TASK DETAILS =>
Each line from the one containing "Volvo C202, der" through the last line of the data below should be printed exactly, please, with any pictures omitted.

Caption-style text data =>
· · ·

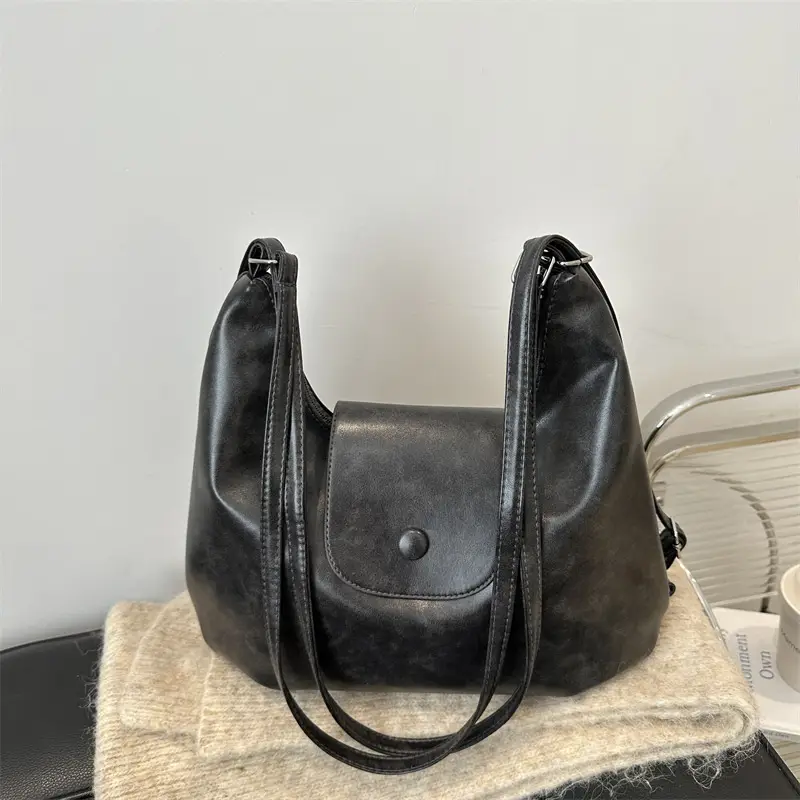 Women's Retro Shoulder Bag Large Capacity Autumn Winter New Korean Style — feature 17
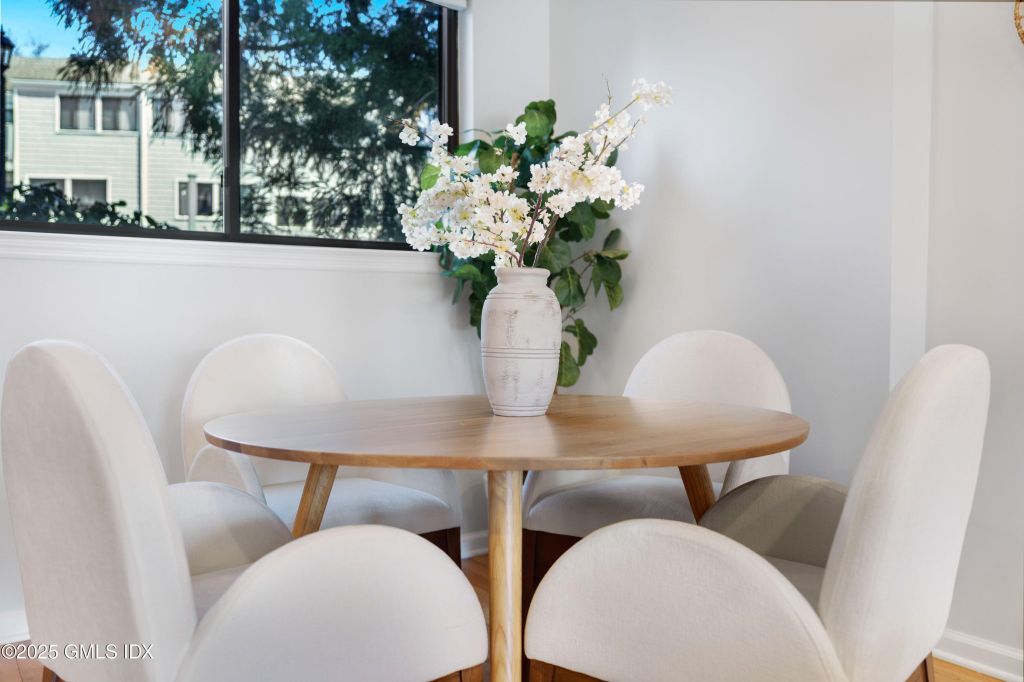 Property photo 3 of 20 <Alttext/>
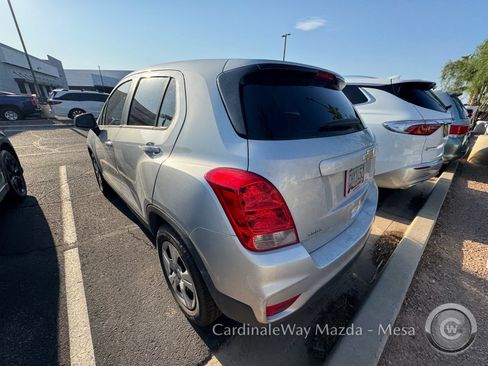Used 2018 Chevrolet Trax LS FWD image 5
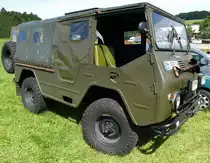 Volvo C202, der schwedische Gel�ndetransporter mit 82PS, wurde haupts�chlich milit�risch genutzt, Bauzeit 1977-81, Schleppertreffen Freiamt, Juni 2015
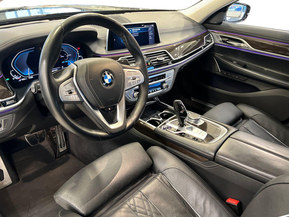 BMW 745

· · ·

EXERCISE OUTPUT =>
 Volvo C202, der schwedische Gel�ndetransporter mit 82PS, wurde haupts�chlich milit�risch genutzt, Bauzeit 1977-81, Schleppertreffen Freiamt, Juni 2015
 BMW 745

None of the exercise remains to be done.